We have already delivered a fully live secure analytics platform inside the data centre of TPP, an electronic health record provider who cover 40% of practices in the country and process data on over 24 million patients including their previous medical history, investigations, and current or past medications. This was an exciting, productive and efficient collaboration at phenomenal scale and pace. Subject to approval we will shortly deliver a new secure analytics platform across more patients' data. We are now running urgent analyses with a wide range of collaborative analytic partners to help identify which patients are most at risk, and why; which treatments increase or decrease risk; and to evaluate spread of the disease, and pressure on NHS services, using hyperlocal real-world data.

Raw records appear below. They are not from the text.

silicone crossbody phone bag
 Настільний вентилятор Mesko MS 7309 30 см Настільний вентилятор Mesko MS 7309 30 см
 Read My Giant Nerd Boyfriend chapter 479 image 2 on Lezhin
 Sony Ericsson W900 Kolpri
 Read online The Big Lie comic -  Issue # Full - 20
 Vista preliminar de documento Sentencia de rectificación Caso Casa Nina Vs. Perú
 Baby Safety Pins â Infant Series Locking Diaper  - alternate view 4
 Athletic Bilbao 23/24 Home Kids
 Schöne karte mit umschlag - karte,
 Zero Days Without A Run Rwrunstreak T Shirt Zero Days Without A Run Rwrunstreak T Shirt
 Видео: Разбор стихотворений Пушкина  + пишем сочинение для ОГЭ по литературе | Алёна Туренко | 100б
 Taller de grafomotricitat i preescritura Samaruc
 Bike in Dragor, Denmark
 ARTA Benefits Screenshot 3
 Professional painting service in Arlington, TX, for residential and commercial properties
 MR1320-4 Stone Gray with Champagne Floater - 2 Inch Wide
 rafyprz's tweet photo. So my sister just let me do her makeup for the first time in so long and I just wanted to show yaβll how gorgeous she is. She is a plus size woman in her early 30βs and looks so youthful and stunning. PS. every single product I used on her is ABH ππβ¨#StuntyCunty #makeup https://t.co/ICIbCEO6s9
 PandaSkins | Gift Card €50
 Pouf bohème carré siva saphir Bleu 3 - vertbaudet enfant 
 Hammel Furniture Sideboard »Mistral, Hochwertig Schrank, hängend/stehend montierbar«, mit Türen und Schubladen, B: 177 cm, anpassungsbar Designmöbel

Phase Two: open source tools for EHR analysis

Phase two will use our experience of rapidly delivering this covid analytics platform to explore the best technical and governance mechanisms for a secure analytics platform on NHS data that is open to bonafide analysts acting in the public interest, in support of all other work in this domain. We will rapidly expand our open library of analytic code to facilitate and accelerate analysis in NHS electronic health records data in general: this document contains only a brief summary; we will share our larger roadmap shortly. Our group has a longstanding proven track record of delivering high quality open source outputs with over 45,000 lines of code on GitHub, and all analytic code and codelists shared openly to improve the quality of analytics and make it more efficient to deliver for all. There are ongoing discussions that pre-date covid around possible long-term plans to move full primary care records into NHS Digital, alongside ongoing work to assemble larger amounts of NHS data into a warehouse at NHS X/E during the covid pandemic. Our work fully supports all these endeavours. All code for our platform is compliant with open standards and designed to be portable, so that it can run against any new platform containing NHS data.